Goldstein first reviews the trends in war since 1945. In spite of an upswing in civil war in the early 1990s, there has been actually been a significant decline in both the number of wars and war-related deaths in the post-Cold War era. There were 1.5 million deaths in the Vietnam war, compared with 55,000 deaths during the Salvadoran civil war. Also missing are the large-scale, violent interstate wars, which have virtually disappeared from the world stage.

Although Goldstein acknowledges there are a variety of possible explanations for the decline in violent conflict, he attributes a large part of it to the development of the international community, specifically the UN and peacekeeping. While he admits that there are still many inadequacies in the UN's structure and ability to make policy, he places strong emphasis on its abilities to change war-making into peace-building. The second section of the books analyzes several stages of peacekeeping-from the early years when the invention of peacekeeping was still new to more recent missions and the improvements that have been made. Goldstein pays careful attention to the failures and successes in peacekeeping in the early 1990s, and argues that the UN has learned from its mistakes, allowing it to function more effectively in the realm of peacekeeping.

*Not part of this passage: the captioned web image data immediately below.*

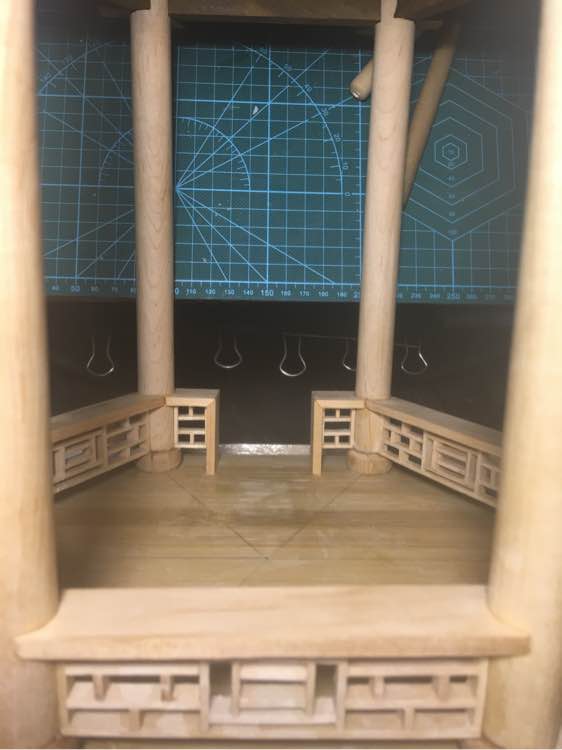 看了古建筑然后就自己动手制作一个亭子，快来学习哦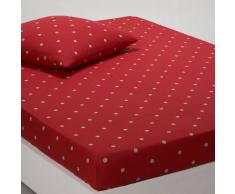 La Redoute Interieurs Sábana bajera ajustable 100% algodón, EDELWEISS rojo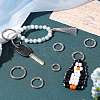 SUNNYCLUE 32Pcs 4 Styles Zinc Alloy Spring Gate Rings FIND-SC0005-23-4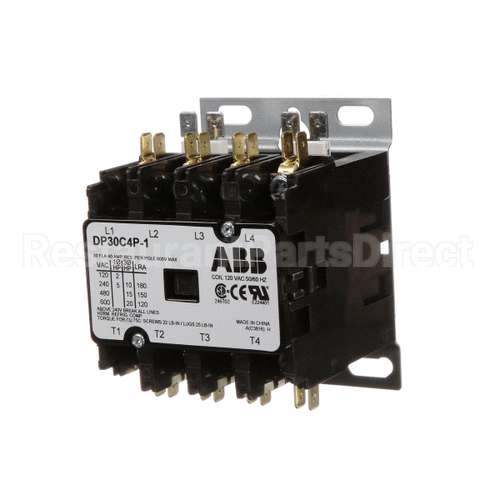 KE603902-6 Cleveland Contactor;120Vac Coil,40 A,4Po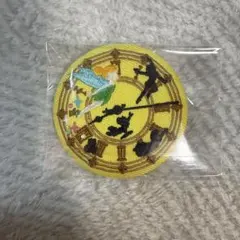 ディズニー　刺繍缶バッジ2 ピーターパン　ティンカーベル　Disney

In the third section, Goldstein returns to his assertion that war is actually on the decline. He challenges common held beliefs, such as the argument that there are more civilian deaths in war than there were 100 years ago-a belief he argues came to be held by most people due to an error in the preparation of the UN's Human Development Report 1994. Goldstein also discusses what types of war we are facing now, namely civil war, and devotes some time to explaining the causes of both the onset and the termination of civil war. Goldstein ends with a chapter on how to continue with this decline in war by investing in the UN, and focusing our future efforts on war prevention, diplomacy, and peacekeeping.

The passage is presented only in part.